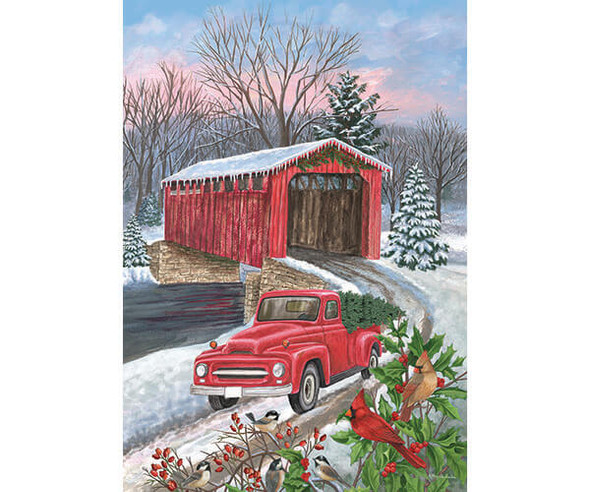 OakridgeStores.com | Briarwood Lane - Winter Covered Bridge Garden Flag (BLG00520) 818138022289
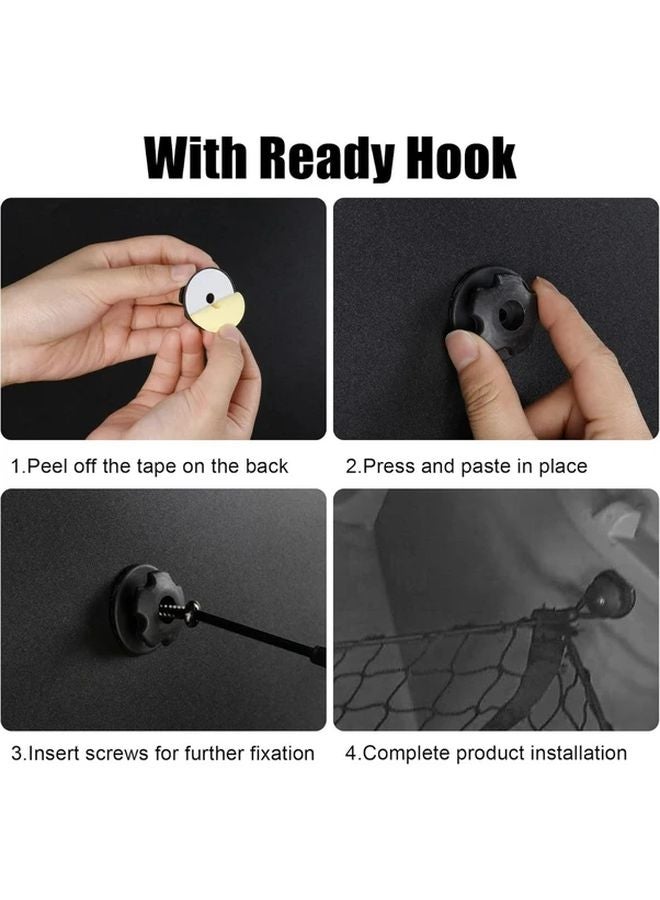 Heavy Duty Mesh Cargo Net With 3 Pockets And 4 Metal Hooks For SUV Pickup Truck Black - Image 5
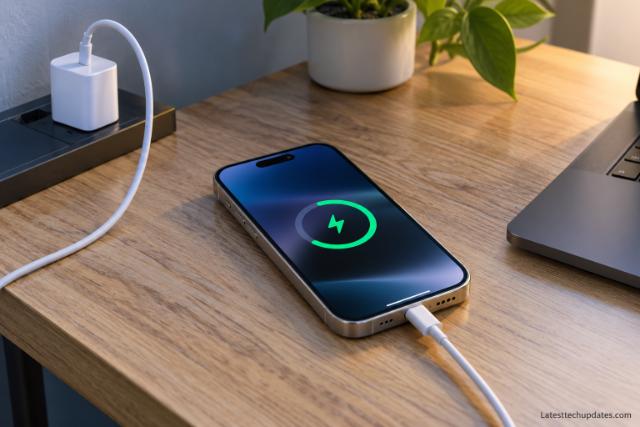 iPhone 18 Pro Max charging with a USB-C cable on a wooden desk.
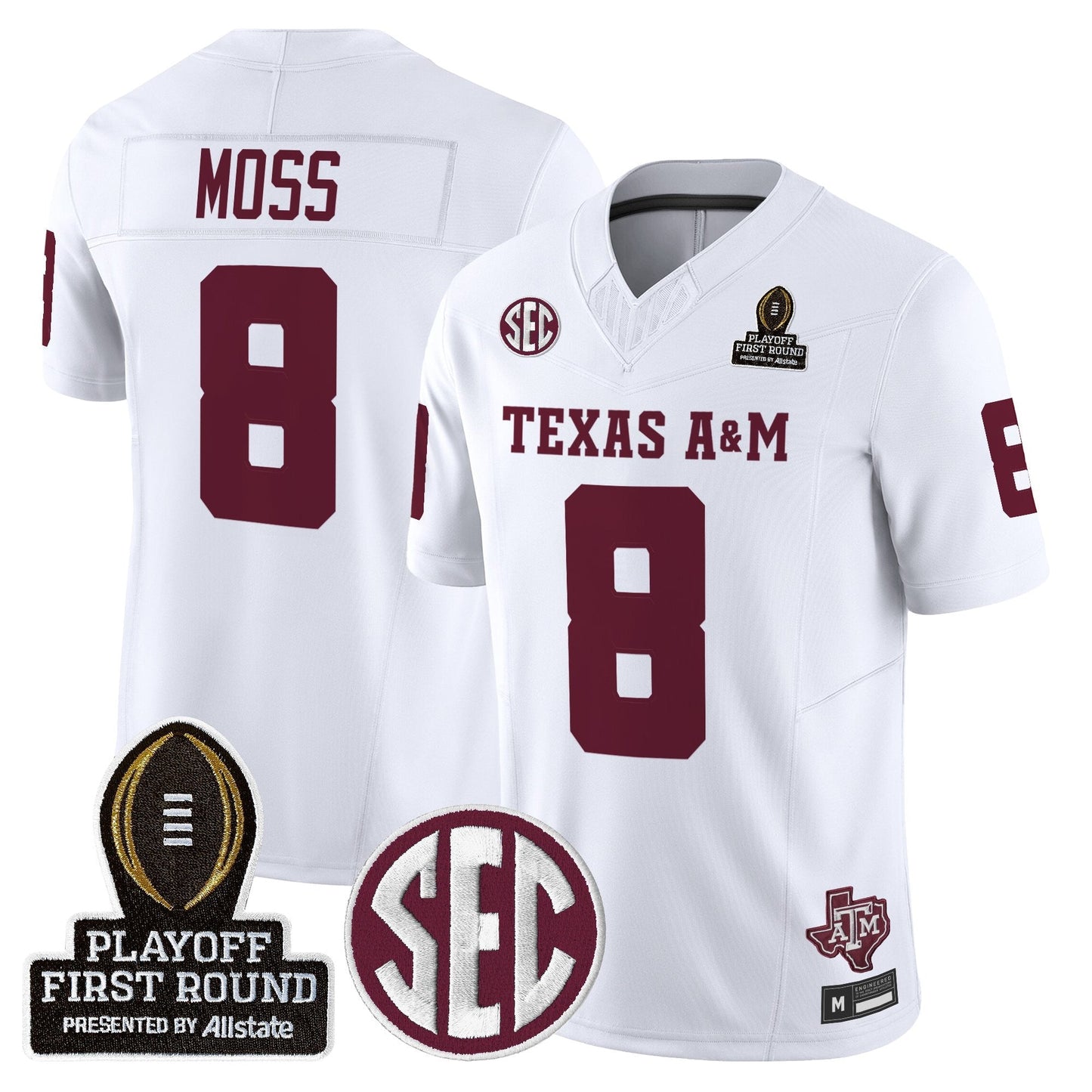 Men's Texas A&M Aggies 2025 Playoff First Round Vapor Limited Jersey - All Stitched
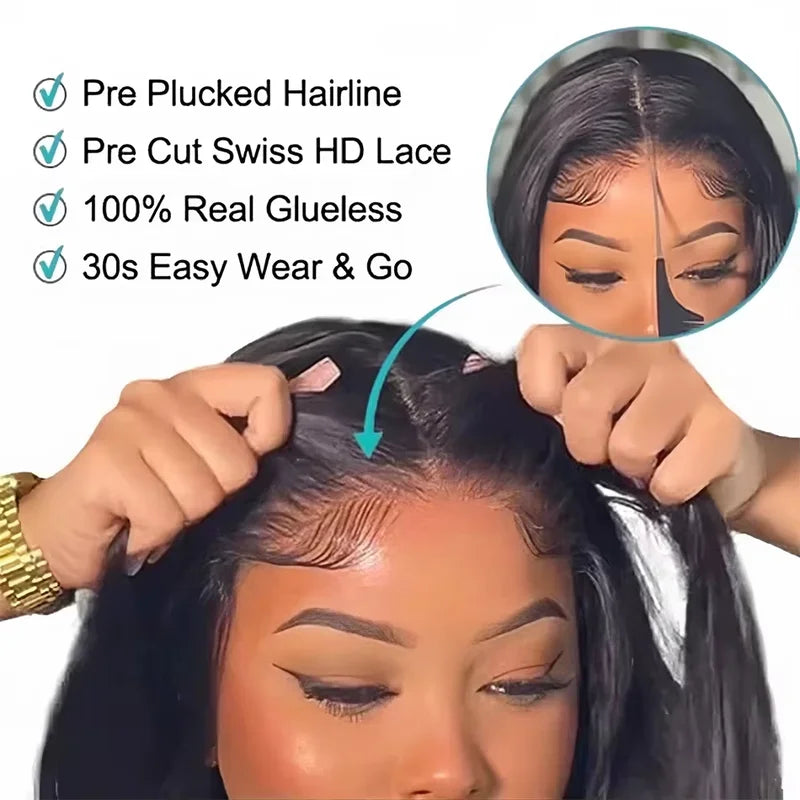 HD Lace Frontal Wig Human Hair 30-40 Inch Straight Glueless Pre Plucked 13x6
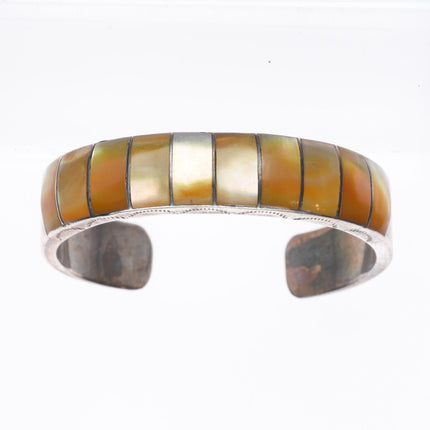 6" Vintage Zuni sterling silver yellow mother of pearl inlay cuff bracelet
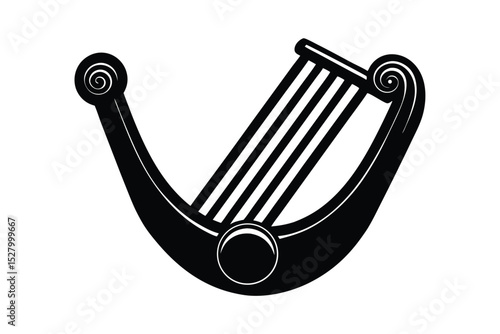 silhouette of a jaw harp.eps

----

Please copy exactly the lines from the one containing "inlay cuff bracelet" through the end of the records above, leaving out every picture.

 6" Vintage Zuni sterling silver yellow mother of pearl inlay cuff bracelet
 silhouette of a jaw harp.eps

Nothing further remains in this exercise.